--- EXERCISE DESCRIPTION ---
Below is a listing from which only part is wanted; return exactly the lines from the one with "It did yaw a" up to and including the one with "Before we do".
══ DATA FOR THE TASK
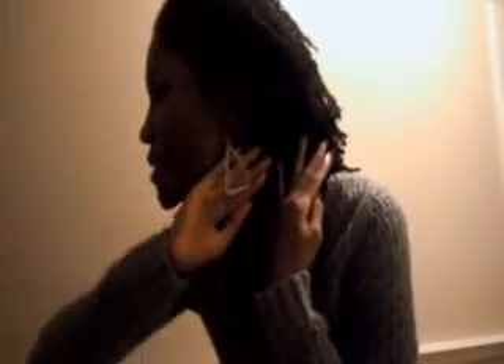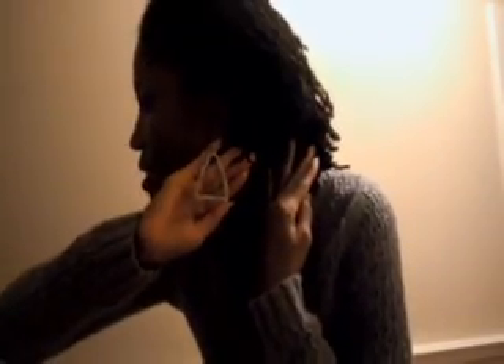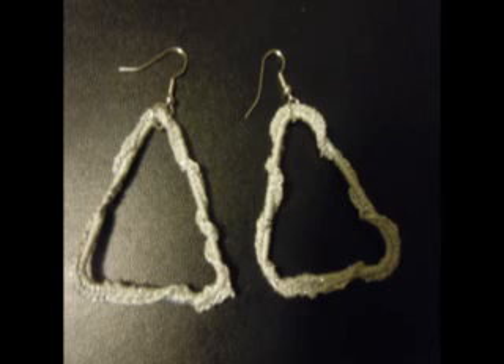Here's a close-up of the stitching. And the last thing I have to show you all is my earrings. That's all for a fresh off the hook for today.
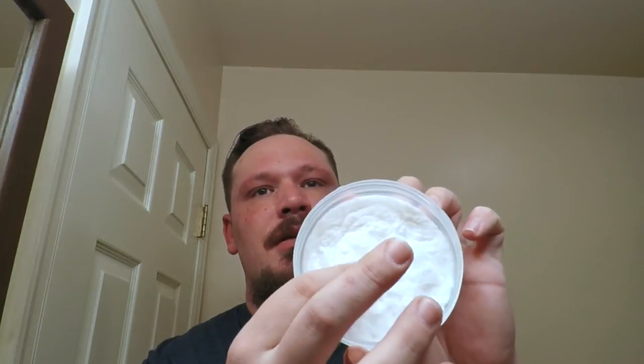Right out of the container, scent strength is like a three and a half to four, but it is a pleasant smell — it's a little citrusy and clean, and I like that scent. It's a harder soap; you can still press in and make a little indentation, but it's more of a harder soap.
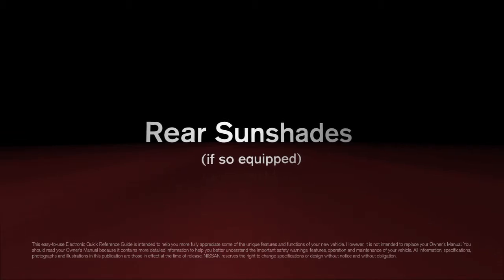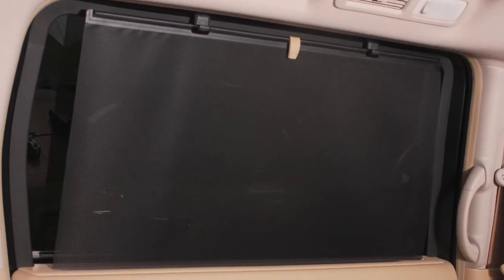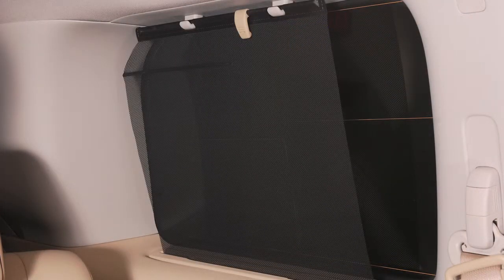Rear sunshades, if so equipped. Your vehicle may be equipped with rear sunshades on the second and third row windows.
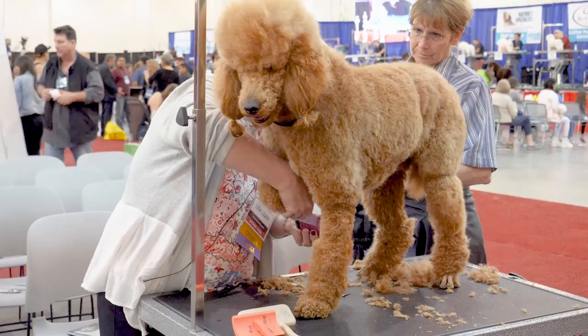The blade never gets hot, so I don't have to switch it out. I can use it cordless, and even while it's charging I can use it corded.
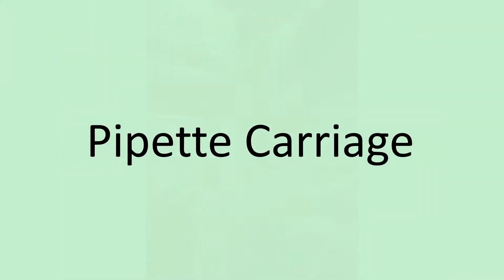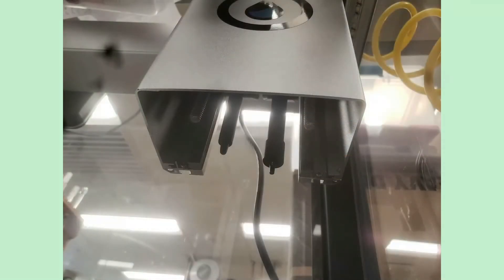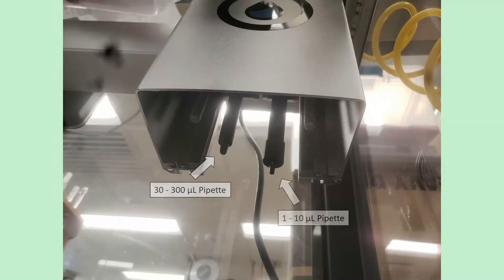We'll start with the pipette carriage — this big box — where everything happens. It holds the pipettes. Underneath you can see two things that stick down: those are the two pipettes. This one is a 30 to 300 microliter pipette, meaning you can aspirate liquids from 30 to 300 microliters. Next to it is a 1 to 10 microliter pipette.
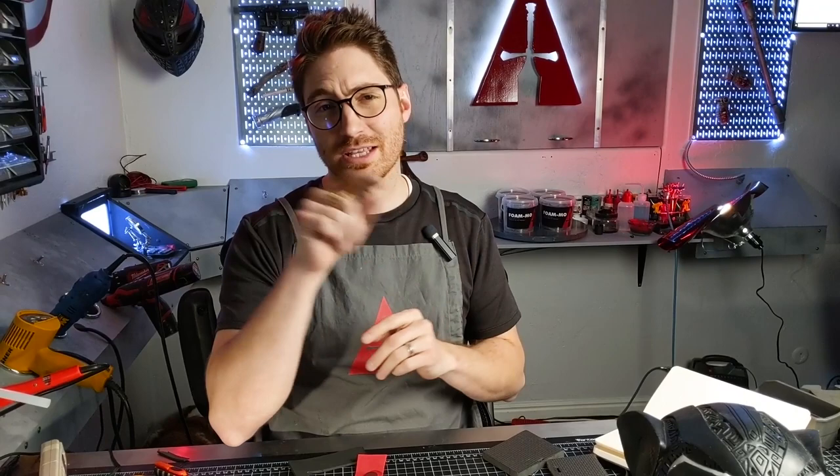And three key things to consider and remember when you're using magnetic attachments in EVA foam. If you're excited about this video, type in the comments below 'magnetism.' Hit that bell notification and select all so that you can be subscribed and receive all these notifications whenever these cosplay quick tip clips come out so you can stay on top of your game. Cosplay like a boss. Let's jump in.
════
══ DATA FOR THE TASK
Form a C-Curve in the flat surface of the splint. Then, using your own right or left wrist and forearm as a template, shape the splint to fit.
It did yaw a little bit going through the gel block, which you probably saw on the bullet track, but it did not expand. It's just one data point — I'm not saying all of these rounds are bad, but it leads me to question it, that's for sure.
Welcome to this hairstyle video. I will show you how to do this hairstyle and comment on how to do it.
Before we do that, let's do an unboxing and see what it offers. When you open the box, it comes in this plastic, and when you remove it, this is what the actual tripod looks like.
════
--- ANSWER TO THIS PROBLEM ---
It did yaw a little bit going through the gel block, which you probably saw on the bullet track, but it did not expand. It's just one data point — I'm not saying all of these rounds are bad, but it leads me to question it, that's for sure.
Welcome to this hairstyle video. I will show you how to do this hairstyle and comment on how to do it.
Before we do that, let's do an unboxing and see what it offers. When you open the box, it comes in this plastic, and when you remove it, this is what the actual tripod looks like.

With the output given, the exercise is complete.